PROBLEM TO WORK ON: Transcribe the data verbatim and drop its images.

DATASET EXCERPT:
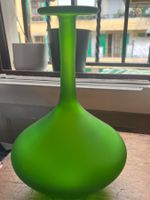 Vase en verre dépoli vert – design contemporain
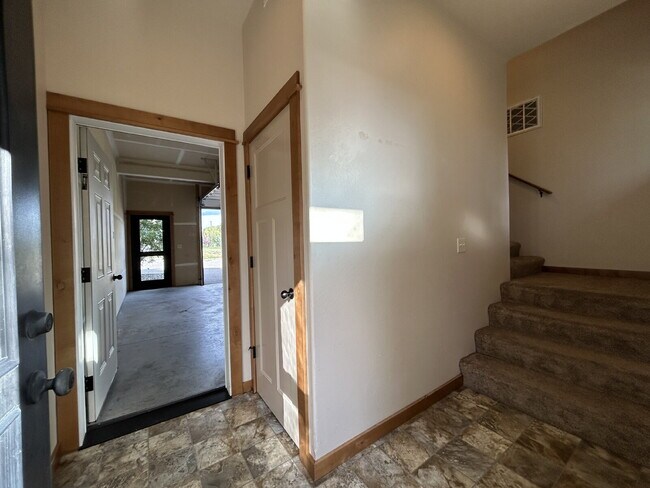 Building Photo - Upgraded 2 Bed, 1.5 Bath Townhouse with St...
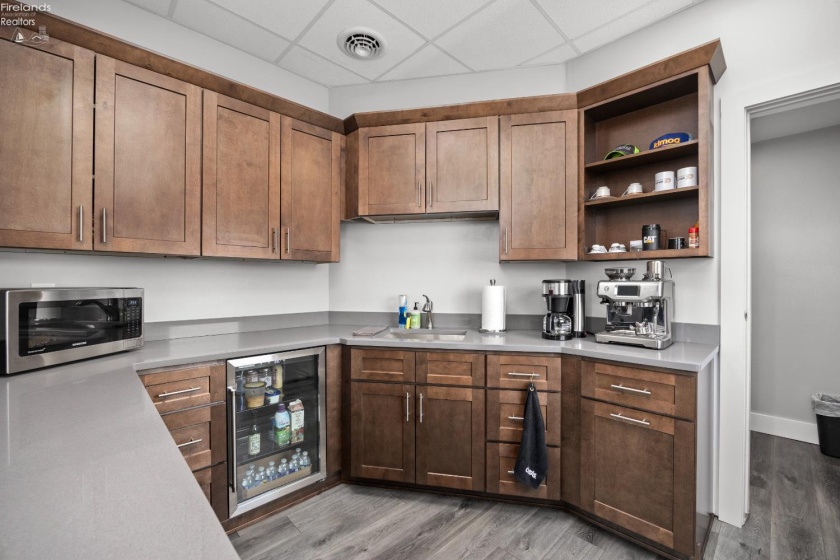 1033 Cleveland Road, Sandusky, 44870, ,Commercial,For Sale,Cleveland,20260926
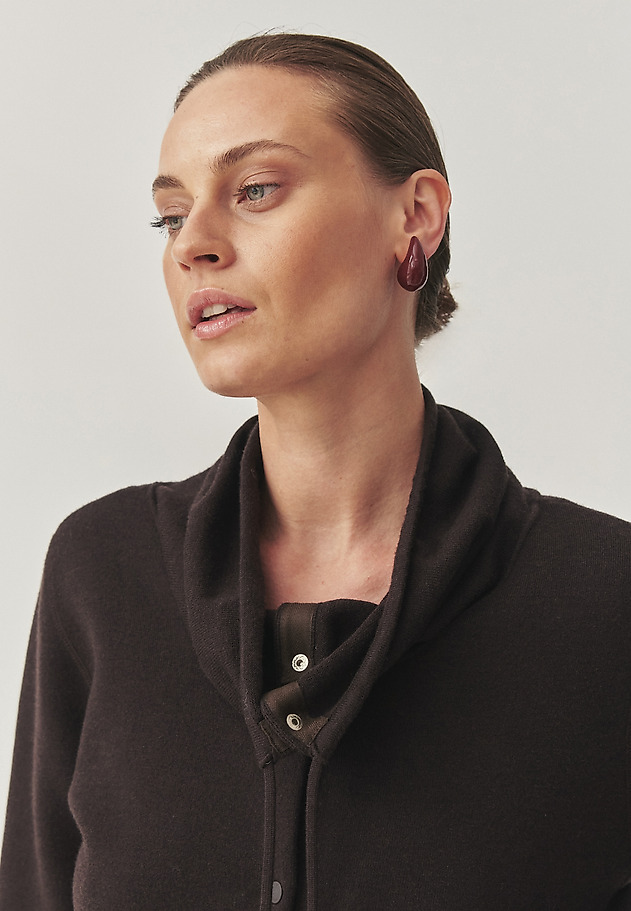 SWETER Z REGULOWANĄ STÓJKĄ - MARTENA SWETER Z REGULOWANĄ STÓJKĄ - MARTENA BRĄZOWY 4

RESULT:
 Vase en verre dépoli vert – design contemporain
 Building Photo - Upgraded 2 Bed, 1.5 Bath Townhouse with St...
 1033 Cleveland Road, Sandusky, 44870, ,Commercial,For Sale,Cleveland,20260926
 SWETER Z REGULOWANĄ STÓJKĄ - MARTENA SWETER Z REGULOWANĄ STÓJKĄ - MARTENA BRĄZOWY 4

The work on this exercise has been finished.